7. Le Comité estime que, s'agissant des rôles impartis à la "société civile organisée", le document n'accorde pas une place suffisante aux associations. Celles-ci, dans des conditions souvent difficiles et sans luxe de moyens, mènent une action importante en matière d'inclusion et de cohésion sociales, notamment aux niveaux régionaux et locaux. Elles mobilisent des énergies, des capacités inventives. Elles créent du lien social selon des modes de solidarité ne relevant ni du rôle des collectivités publiques ni de celui des entreprises à but lucratif.

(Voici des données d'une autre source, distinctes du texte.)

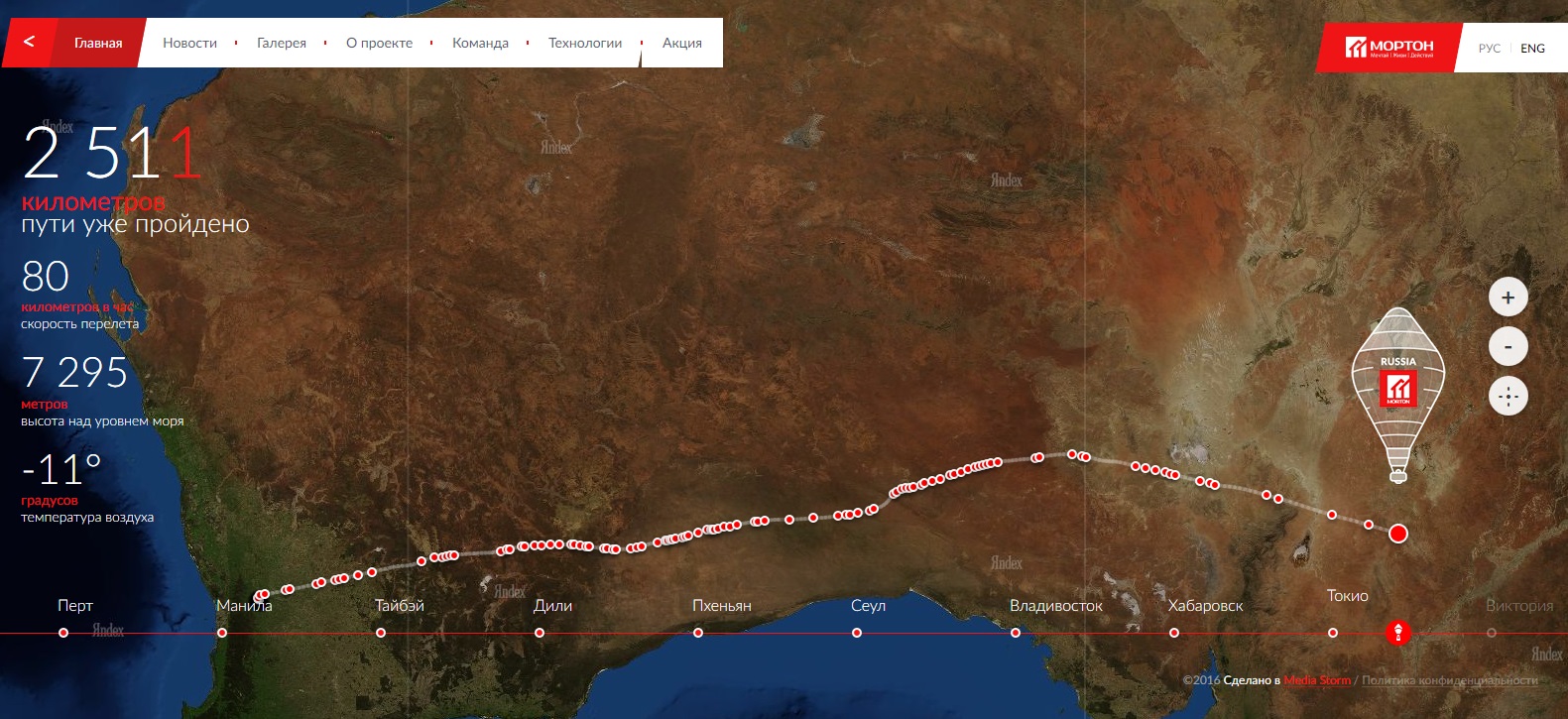 Полет Федора Конюхова.jpg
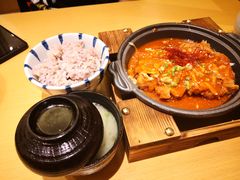 -胜博殿日式炸猪排(西红门店)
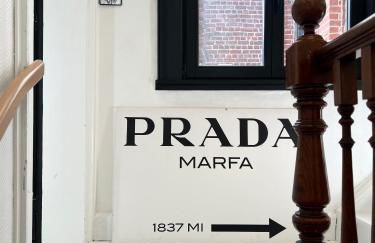 l'appart roubaisien - Foto 2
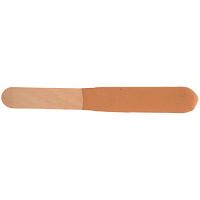 Картинка Маскирующий мелок Chris Stix Chris Christensen бронзовый от магазина Petcetera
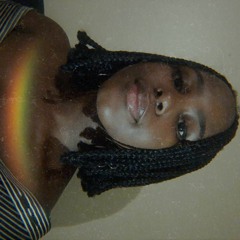 BUYI GZ3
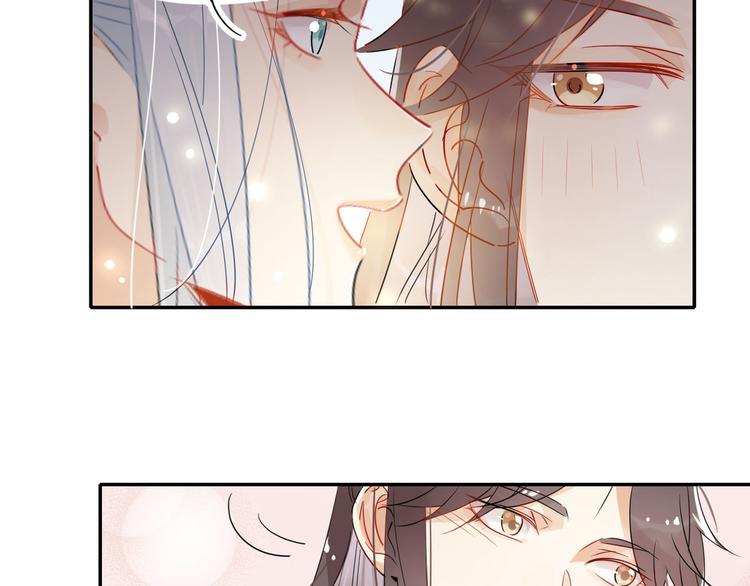 23.你们不是好基友吗(1/2)-第22话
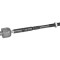 Bieleta directie Jeep Grand Cherokee 3 (Wh, Wk) Teknorot parte montare : Punte fata, Stanga/ Dreapta
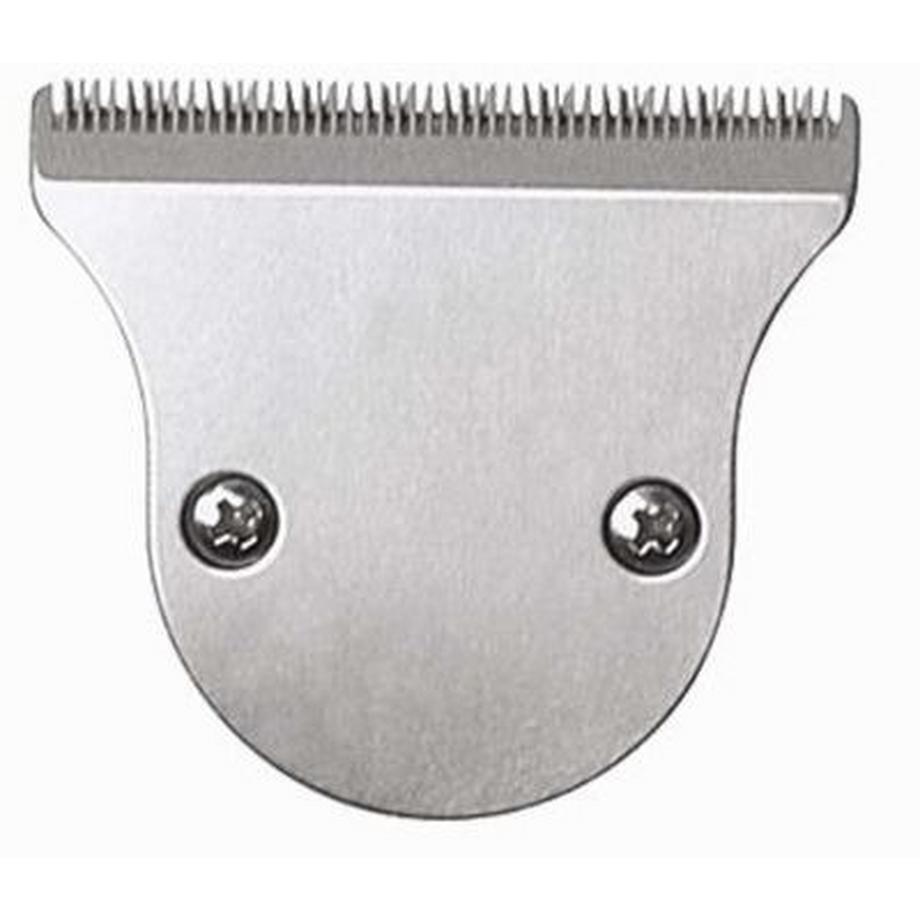 TONDEO  Schneidekopf ECO-Black M 40 mm 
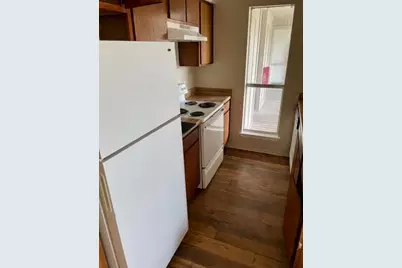 2800 Bull Run #707, Taylor, TX 76574 - Photo 2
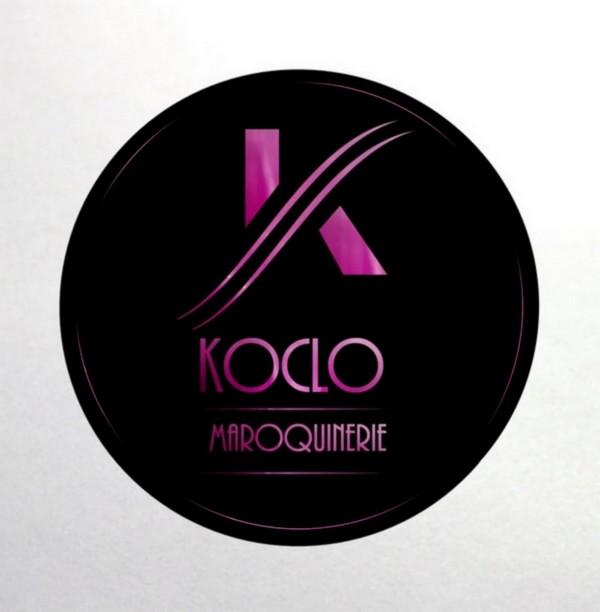 300x300
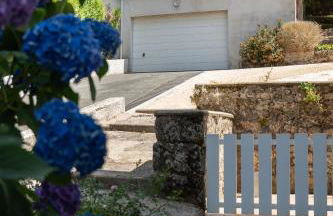 Maison de la Rochejaquelein - Photo 42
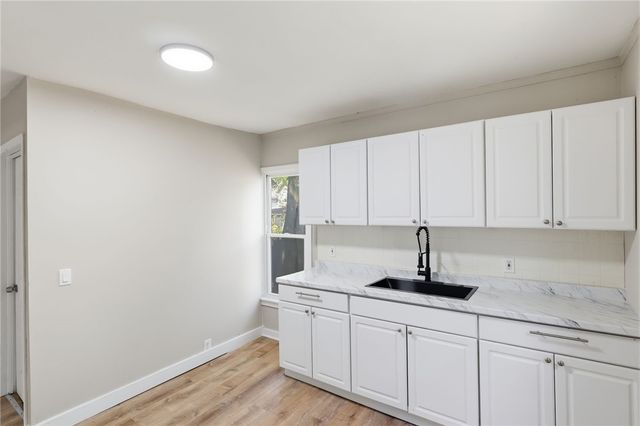 120 Cottage Street, Rochester, NY 14608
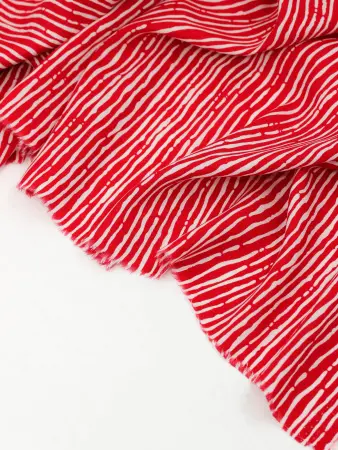 20250530-20250530-IMG_1858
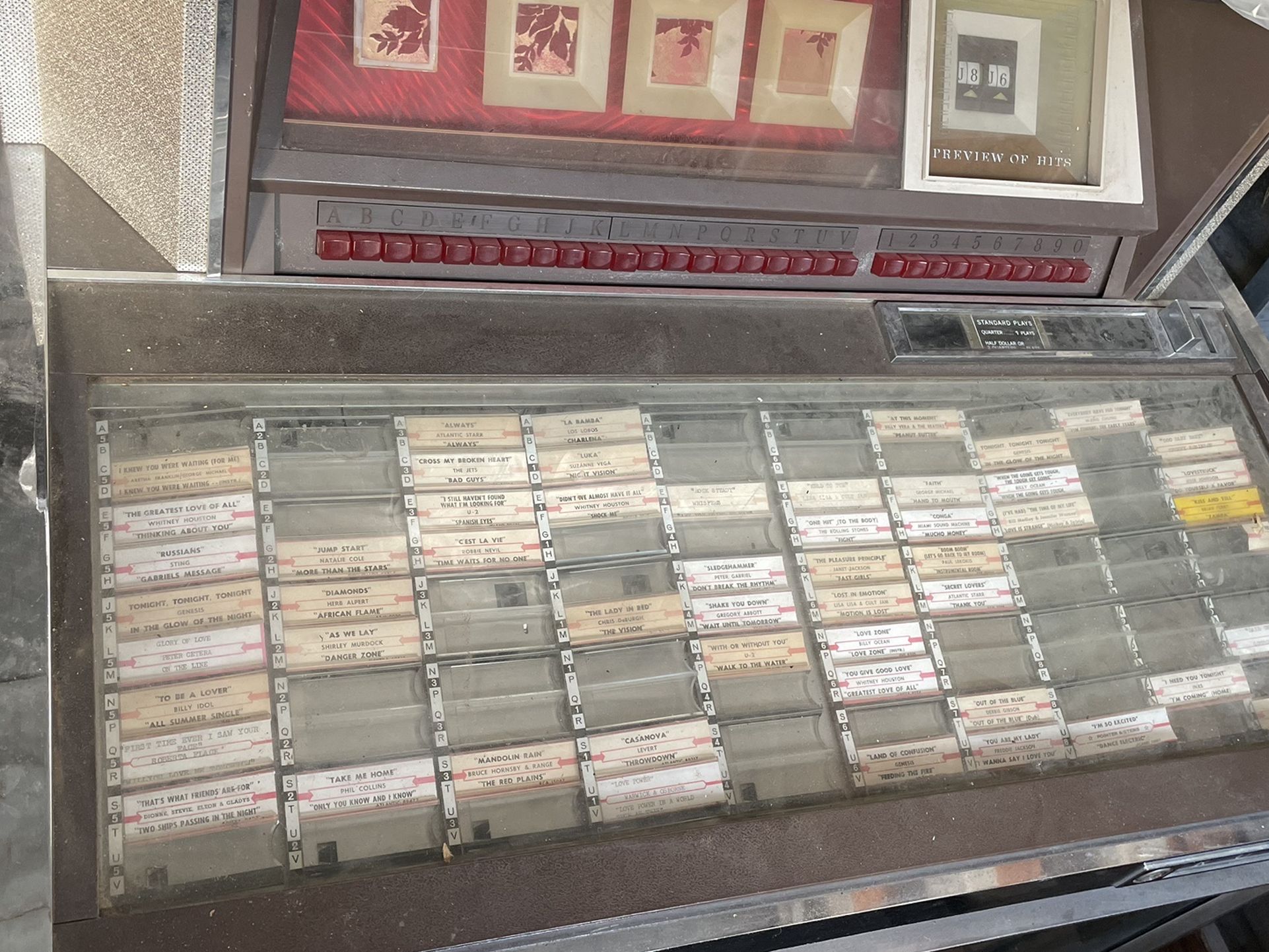 Jukebox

8. Le Comité estime que "la Charte des droits fondamentaux devrait dépasser le cadre d'une déclaration solennelle et constituer un véritable engagement politique, social et civique". Le Comité estime surtout que la Charte doit être un processus d'ouverture et participatif au niveau communautaire, dans lequel la société civile organisée puisse s'exprimer et assurer le plein respect et l'application des droits et des obligations repris dans la Charte. Au niveau institutionnel, le Comité considère qu'il représente la société civile organisée au niveau européen et, pour cette raison, dans le cadre d'un tel processus d'intégration et de révision, il conviendrait de lui octroyer formellement un statut consultatif correspondant à ses missions(5).

III. CONCLUSION

Il est vraisemblable, voire probable que l'adoption d'un "agenda social" marquerait plus qu'une étape, c'est-à-dire un tournant, dans la construction européenne. Le document de la Commission le dessine. Le souhait du Comité est, à ce stade, comme à d'autres à venir, d'aider à rendre la trajectoire nouvelle aussi visible et féconde que possible.

Bruxelles, le 19 octobre 2000.

Le Président

du Comité économique et social

Göke Frerichs

(1) Voir avis du CES sur "La lutte contre l'exclusion sociale".

(2) COM(2000) 379 final, préface, 3e paragraphe.

(3) Avis d'initiative du CES sur "Les travailleurs âgés".

(4) Avis d'initiative du CES sur la "Santé et sécurité sur le lieu de travail - application des mesures communautaires et nouveaux risques" - JO C 51 du 23.2.2000.

Avis du CES sur les "Lignes directrices pour les politiques de l'emploi des États membres en 2001".

(5) Avis d'initiative du CES sur "Vers une Charte des droits fondamentaux de l'Union européenne".